AIM OF THE EXERCISE: Please restate word for word the lines of the entries below from the one with "liste des 93 caméras installées" to the one with "5mm Mini Star", inclusive, and leave out every picture.
*** Opening THE DATA ***
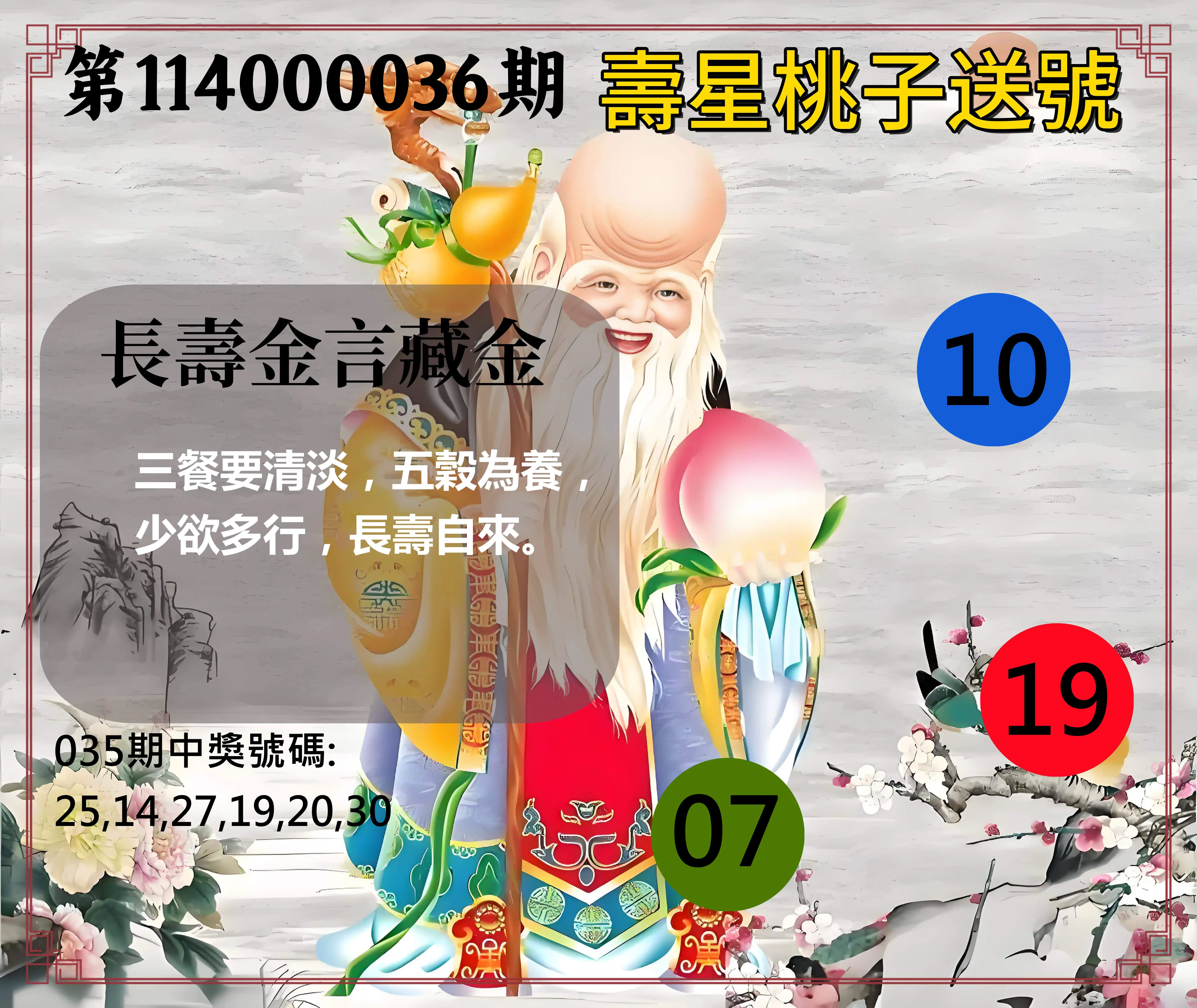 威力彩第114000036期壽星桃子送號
*** Closing THE DATA ***
*** Opening THE DATA ***
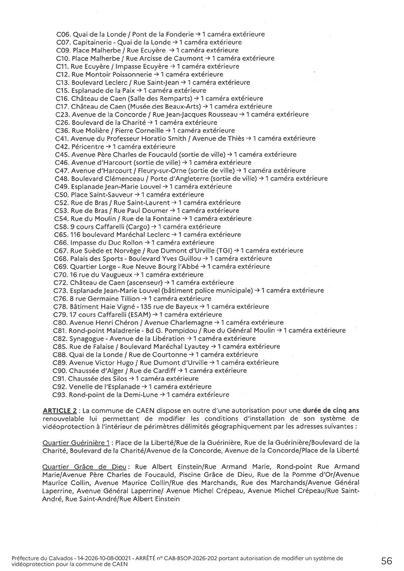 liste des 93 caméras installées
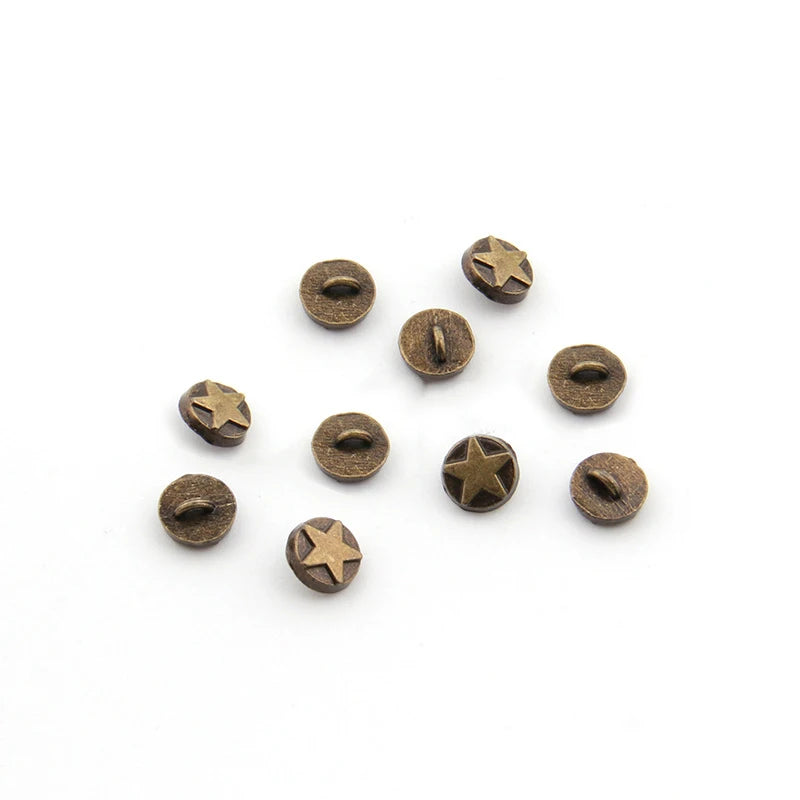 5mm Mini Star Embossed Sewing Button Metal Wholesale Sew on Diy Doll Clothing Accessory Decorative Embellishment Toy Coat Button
*** Closing THE DATA ***
YOUR RESPONSE:
 liste des 93 caméras installées
 5mm Mini Star Embossed Sewing Button Metal Wholesale Sew on Diy Doll Clothing Accessory Decorative Embellishment Toy Coat Button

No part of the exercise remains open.